Engonhar é, portanto, e por isto tudo e não só, o que este Governo faz desde que ganhou a maioria absoluta. Não governa. Não orienta. Não planeia. Não fiscaliza. Não pede contas à economia de casino. Não ouve. Não vê… Engonha! E lá vem o fantasma dum certo outro governo passado dissertar a teoria do activismo envelhecido como sendo o único que vê e sente. Não é o activismo que é envelhecido; as políticas é que são tão velhas que a gente teve de ir buscar o activismo ao guarda-fatos, mesmo cheirando a naftalina, o activismo dos avós que não podem continuar a ver os netos a morrer à míngua por causa deste engonhar.

Maria da Conceição Mendes, Canidelo

Valores inalienáveis

Ter direito à memória colectiva a que chamamos História, assumir pulmão social e consciência ecológica, ver garantidas a saúde, a paz, as liberdades, a educação e o acesso à cultura são princípios civilizacionais inalienáveis.
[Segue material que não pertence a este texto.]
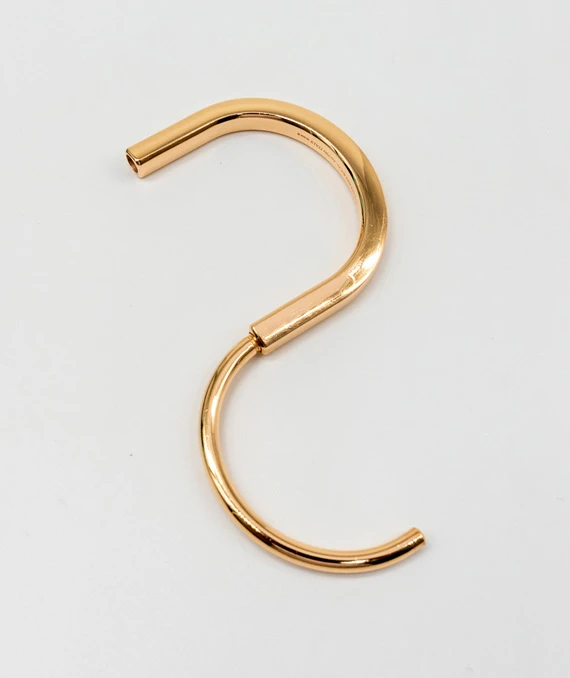 Tiffany  Co. "Tiffany Lock" 18k Rose Gold Medium Size Bangle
Na altura em que um procurador corajoso abriu o primeiro processo que levará Donald Trump à barra dos tribunais por crimes contra as instituições democráticas do seu país (incluindo o incentivo à invasão do Capitólio), lembro que, com os seus negacionismos mais torpes (incluindo a campanha antivacinas e a desvalorização dos actos eleitorais), o seu apoio à mais insana violência extremista, a sua máquina de falsificação e manipulação dos media, o seu combate à causa ecológica e, mais, a sua assumida veia xenófoba (inspiradora de tantos bolsonaros espalhados pelo mundo), está claríssimo de que existe uma agenda montada pela extrema-direita internacional contra as democracias que, por muito imperfeitas que sejam, precisam mais do que nunca de ser salvaguardadas.

É preciso, portanto, unir esforços contra o retrocesso civilizacional a que se assiste – um retrocesso que, sob hipócritas capas de moralismo, ameaça também a cultura no seu todo, tal como a liberdade de criação e a salvaguarda dos patrimónios identitários. No nosso caso, defender os valores da Constituição de Abril, hoje tão ameaçados, é a essência.

Por isso, que salutar ar fresco nos chegou no PÚBLICO com o texto de três membros da comunidade ismaili: uma "carta aberta à sociedade portuguesa" onde se fala de igualdade, tolerância e fraternidade e se deixa aviso sério contra os seus detractores. Ainda existe lugar para a esperança.